=== Supplied material ===
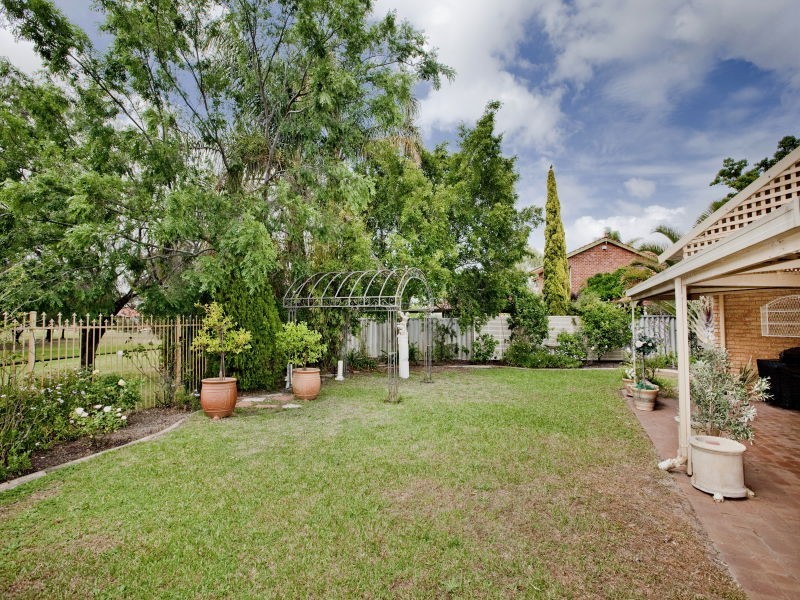 14 Artane Court, Waterford WA 6152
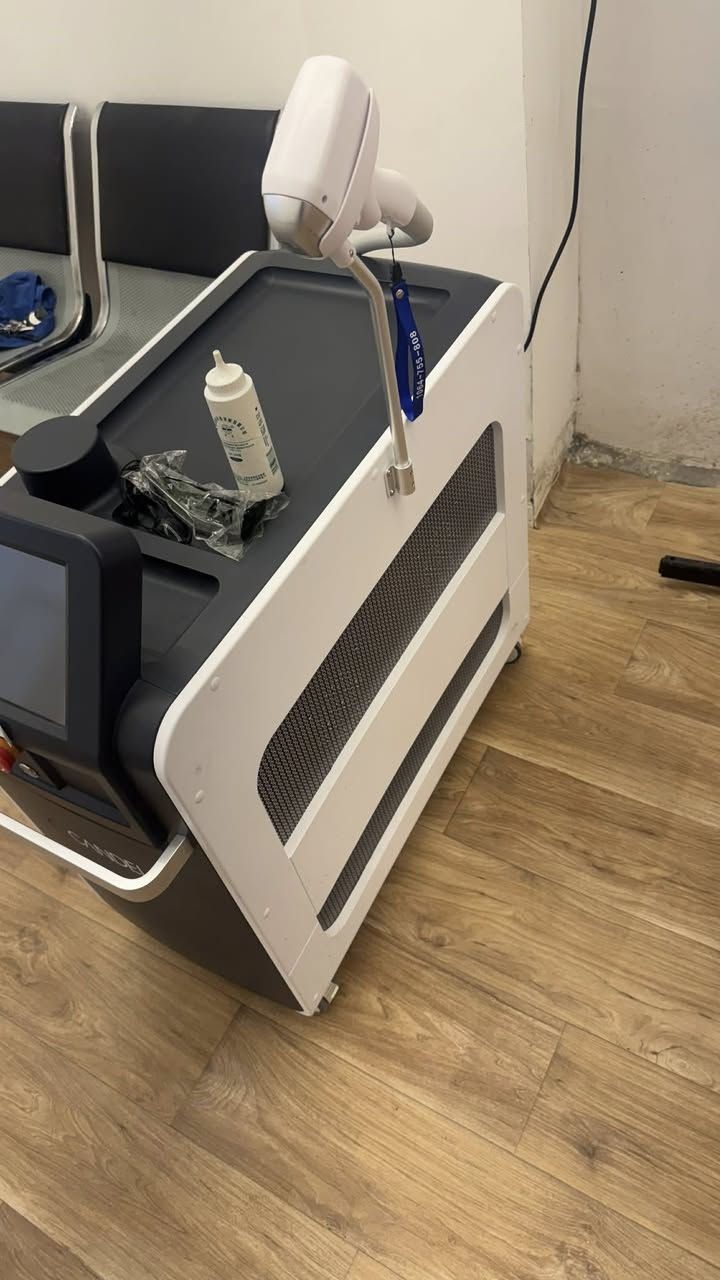 سلام عليكم ليزر كانديلا برو ماكس ثلجي مستعمل قليل ***********
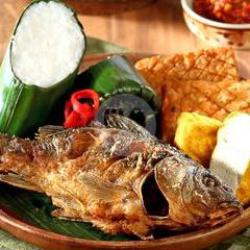 Lalapan Ikan Mas (nasi   Ikan Mas Goreng   Lalapan   Sambal Mantab   Es Teh).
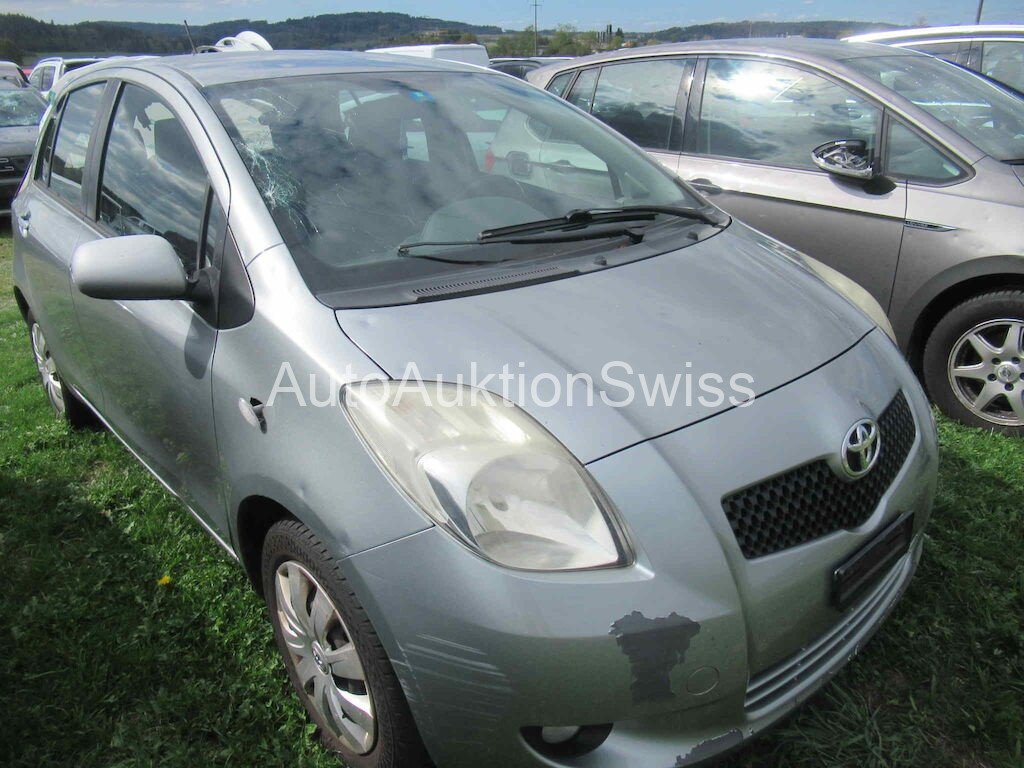 TOYOTA YARIS 1.3 LINEA LUNA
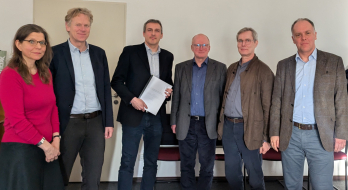 Gruppenfoto Promotionsabschluss Christopher Banditt mit Prüfungskommission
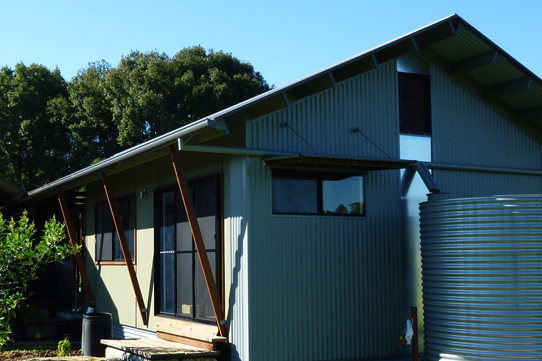 Treby Build - The Creek Ecohouse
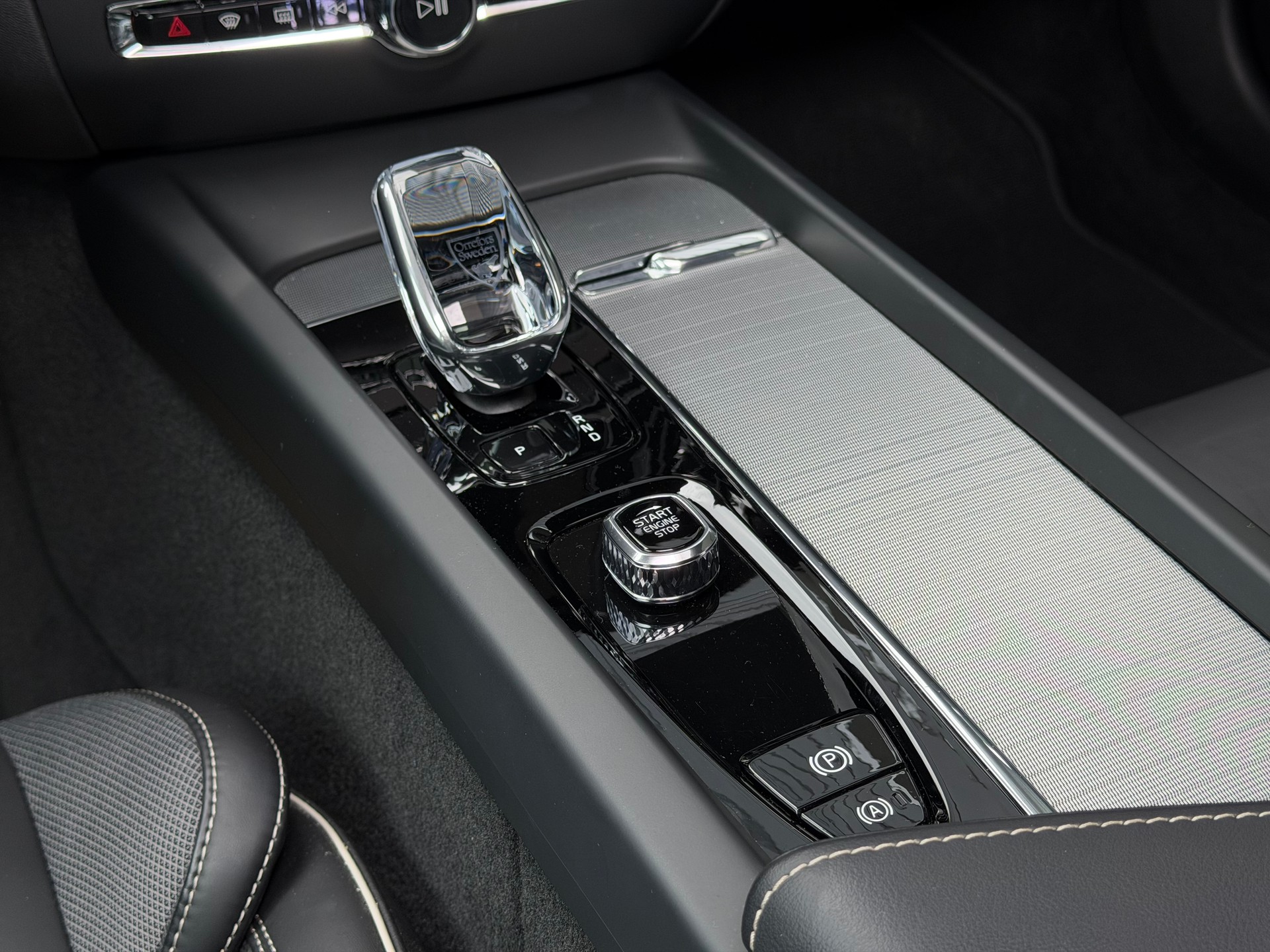VOLVO V60 B4 Benzin Mild Hybrid Ultra Dark DCT °° 5 Jahre oder 200'000 KM Hersteller-Garantie °°-image-16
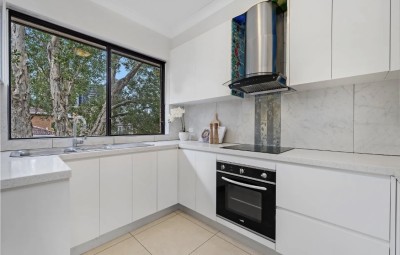 For Sale By Owner HURSTVILLE, NSW 2220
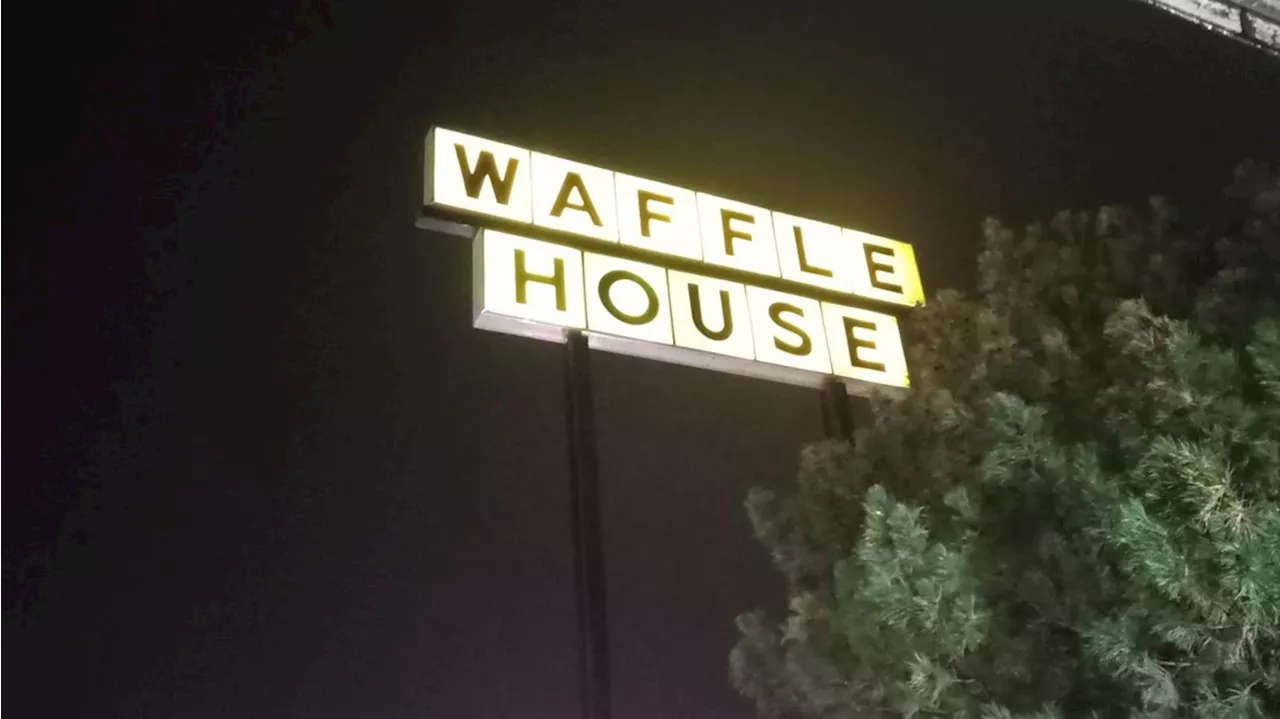 Man who shot Waffle House cook in Aurora sentenced to prison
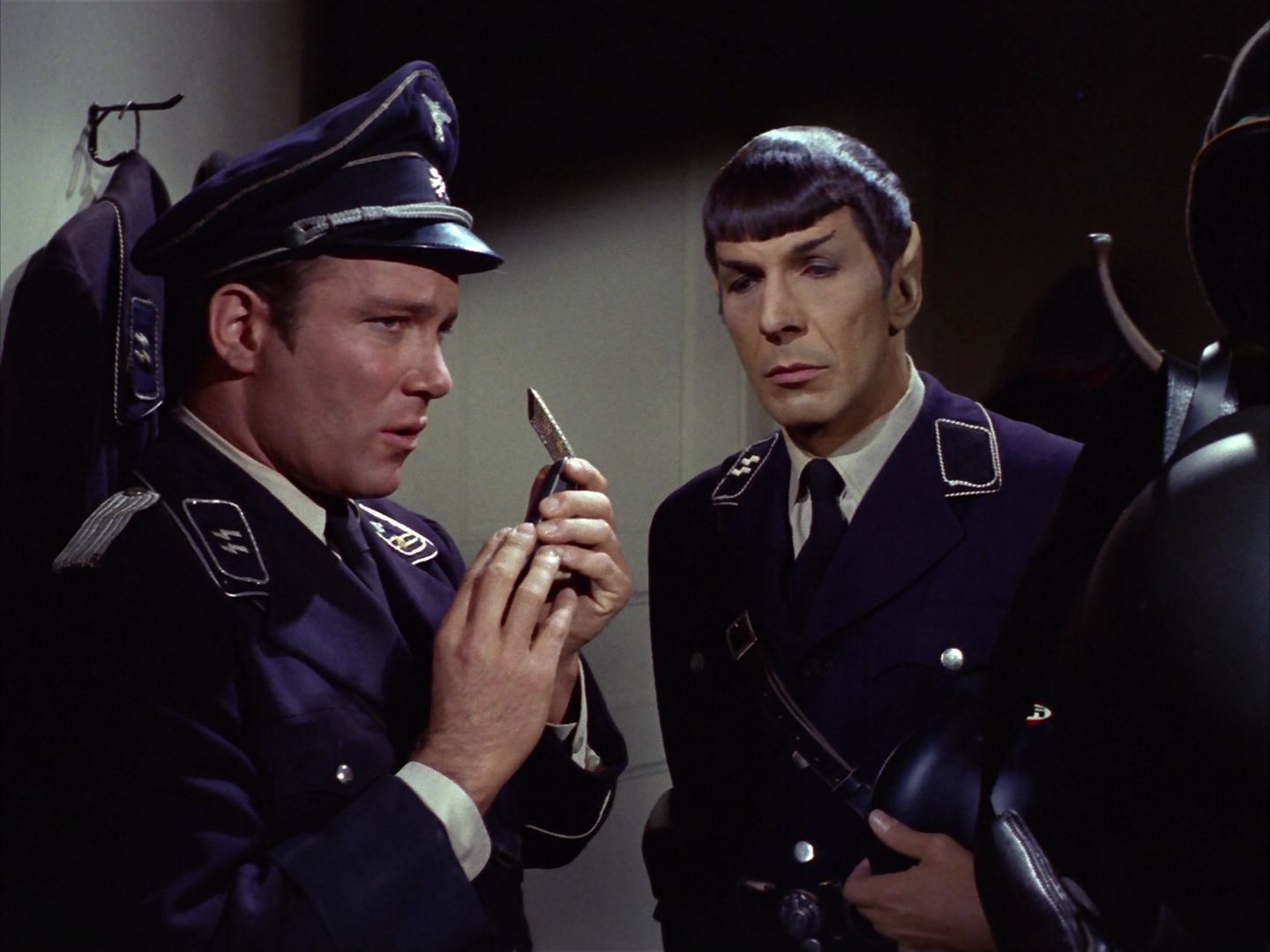 ariane179254_StarTrek_2x21_PatternsOfForce_2098.jpg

=== Assigned task ===
Pictures must be left out of the answer, which should be exactly the lines from the one holding "VOLVO V60 B4" through the last line of the entries above, both included; please add nothing.

=== Response box ===
VOLVO V60 B4 Benzin Mild Hybrid Ultra Dark DCT °° 5 Jahre oder 200'000 KM Hersteller-Garantie °°-image-16
 For Sale By Owner HURSTVILLE, NSW 2220
 Man who shot Waffle House cook in Aurora sentenced to prison
 ariane179254_StarTrek_2x21_PatternsOfForce_2098.jpg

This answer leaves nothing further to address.